There is also a story that he resurrected three children who had been secretly murdered by a butcher and put away for pickling. I don’t honestly know how I feel about this one? Like, if some butcher did do that in real life in that time and place, I guess I hope the story about the miracle is true. But on the other hand, the horror of coming back to life (which I’m imagining as being like coming out of a coma) after making it part of the way through being pickled is way more ghastly than I had counted on dealing with today!

IV. I Prefer “The Reverend Grinch”

There is, as you have probably heard, yet a third famous story about St. Nicholas—one connected with his presence at Nicæa. According to this tale, at some point during the council, Nicholas became so angry with the heresiarch Arius that he rose from his seat, strode up to him, and struck him in the face! A refreshing change from today’s lily-livered prelates, eh?

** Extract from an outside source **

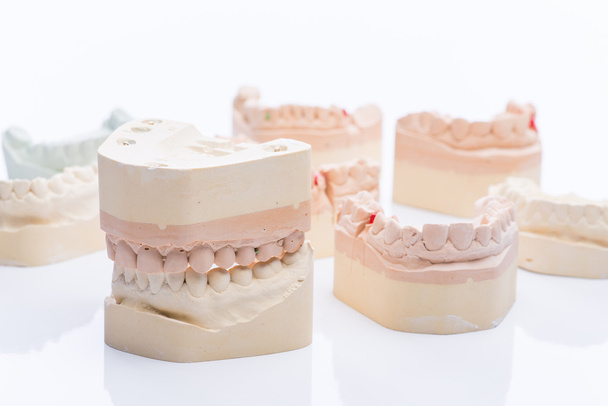 Tanden mallen op een helder witte tafel - Foto, afbeelding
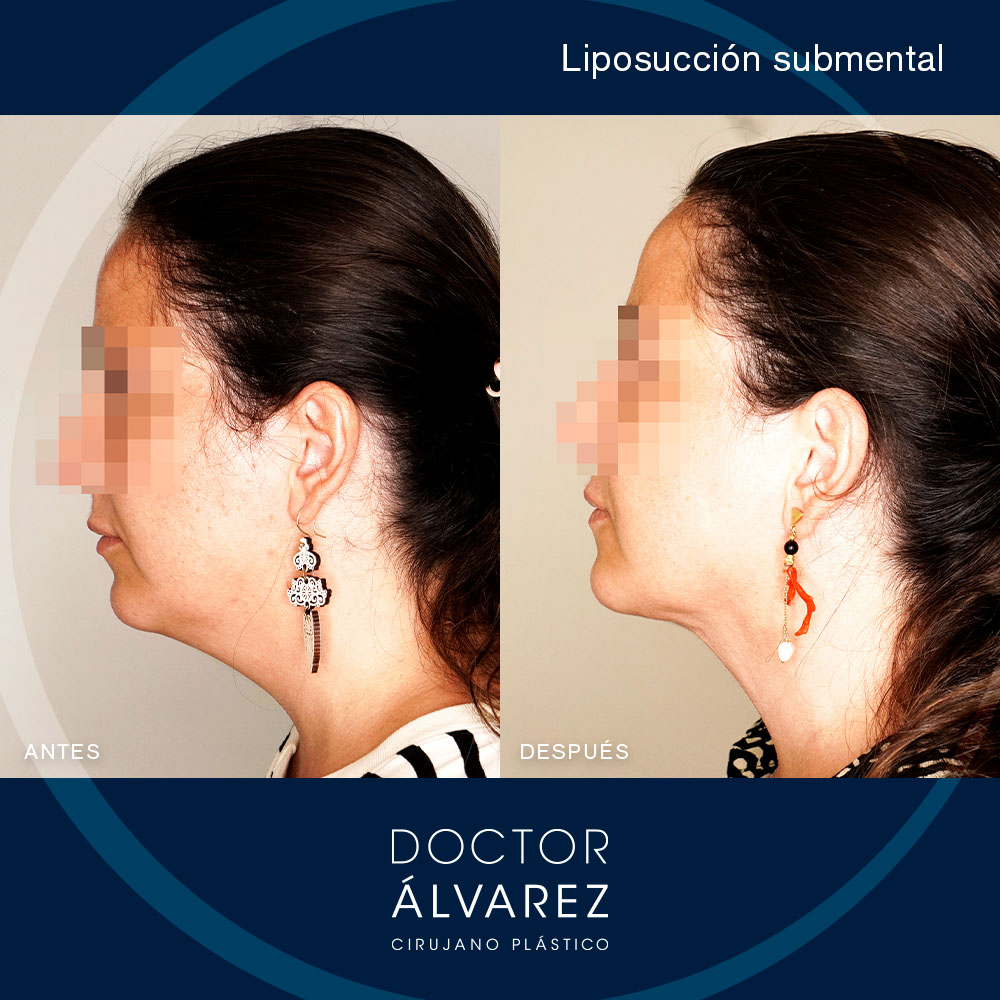 https://cirugiaesteticaplastica.es/caso-de-liposuccion-submental/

Well, there are three problems here. One is that this almost certainly didn’t happen. Nicholas is believed to have been present at the Council of Nicæa, but no contemporary writings, either of his or mentioning him by name, survive3; there is most certainly no surviving record of anybody resorting to violence during the proceedings. Two, we’re talking about a survivor of Diocletian’s persecution here—when it comes to nerve, this man had nothing to prove!

And number three, the most important. This is absolutely a funny story, and for those who enjoy and share it purely in that spirit, it’s probably harmless; but it is, also, a story about a saint doing something wrong.

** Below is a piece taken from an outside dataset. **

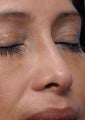 Non-Surgical Nose Job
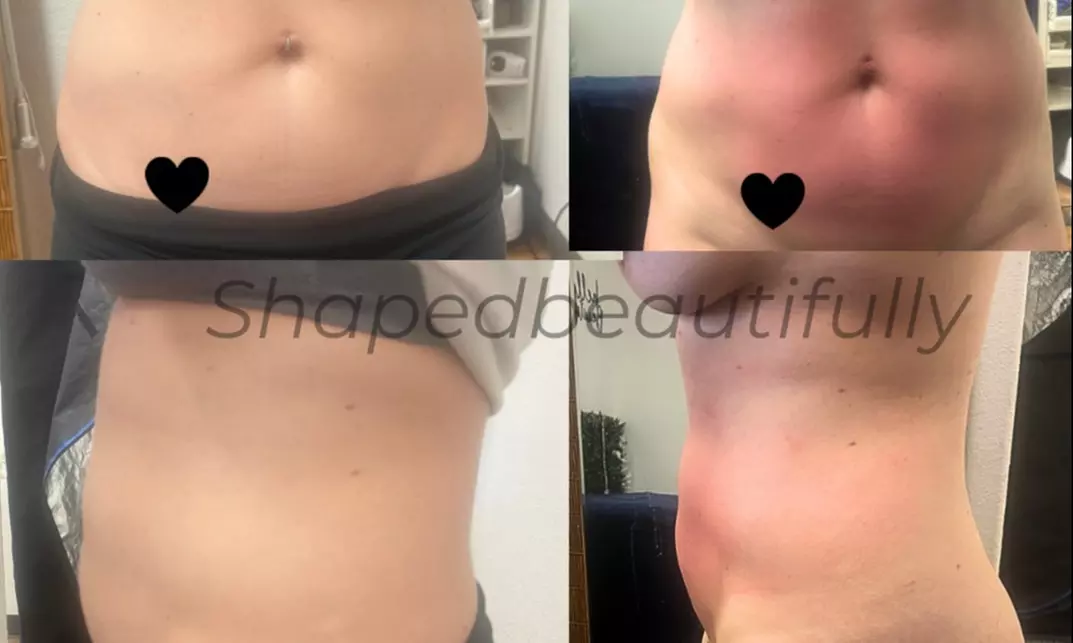 Up to 56% Off on Lymphatic Drainage Massage at Shaped Beautifully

V. Advent Is a Penitential Season, After All

This shouldn’t be hard. I mean, “don’t hit people” is literally something we learn in kindergarten. This behavior is, as entirely as possible, the opposite of turning the other cheek. And if this be defended on the grounds that it was for a sacred cause, in what way does God need human beings to protect him?

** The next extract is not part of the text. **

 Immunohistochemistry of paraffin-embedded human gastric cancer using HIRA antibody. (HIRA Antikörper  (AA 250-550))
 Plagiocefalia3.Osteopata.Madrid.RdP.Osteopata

But of course, the based Crusader avatars don’t like this because it’s a story of repentance. They like it as rationalization. People love being angry; it’s an itch that’s pleasurable to scratch, just like lust. That’s natural in its way, like cancer. Christianity isn’t. In some ways, I think the traditional cant about St. Thomas “baptizing Aristotle” has done harm, because it gives the impression that all our nature needed was a hearty scrub-down and it’s fine otherwise. That’s not the truth. We were “buried with by baptism into death,” not an inconvenience.

This difference between the new, and the old man … is a difference as real, as that between heaven and earth … When religion is in the hands of the mere natural man, he is always the worse for it; it adds a bad heat to his own dark fire, and helps to inflame his four elements of selfishness, envy, pride, and wrath. And hence it is, that worse passions, or a worse degree of them, are to be found in persons of great religious zeal, than in others that make no pretenses to it. —William Law, Christian Regeneration


1This may seem confusing at first: if Mary never had any sin, how did she have anything to be saved from? But Mary was not exempt from sin by her own white knuckles. This was a special gift of God, and (on the Catholic view) went all the way back to the very moment she was conceived—which if anything makes it more definite that she did not manage this by herself!
2The Legenda Aurea or “Golden Legend” is a collection of ancient lives of saints, which was very popular in the Middle Ages. A lot of conventional stories about the saints are traceable to the Legenda.
3This is actually not unusual, either for the ancient world in general or this period in particular. Constantine’s reign came more or less on the heels of the Crisis of the Third Century, a long era of instability during which the Roman Empire split temporarily into three fragments. (One of these, the Palmyrene Empire, was ruled by the awesomely-named Queen Zenobia.) As a result, a lot of otherwise normal records were lost or never made.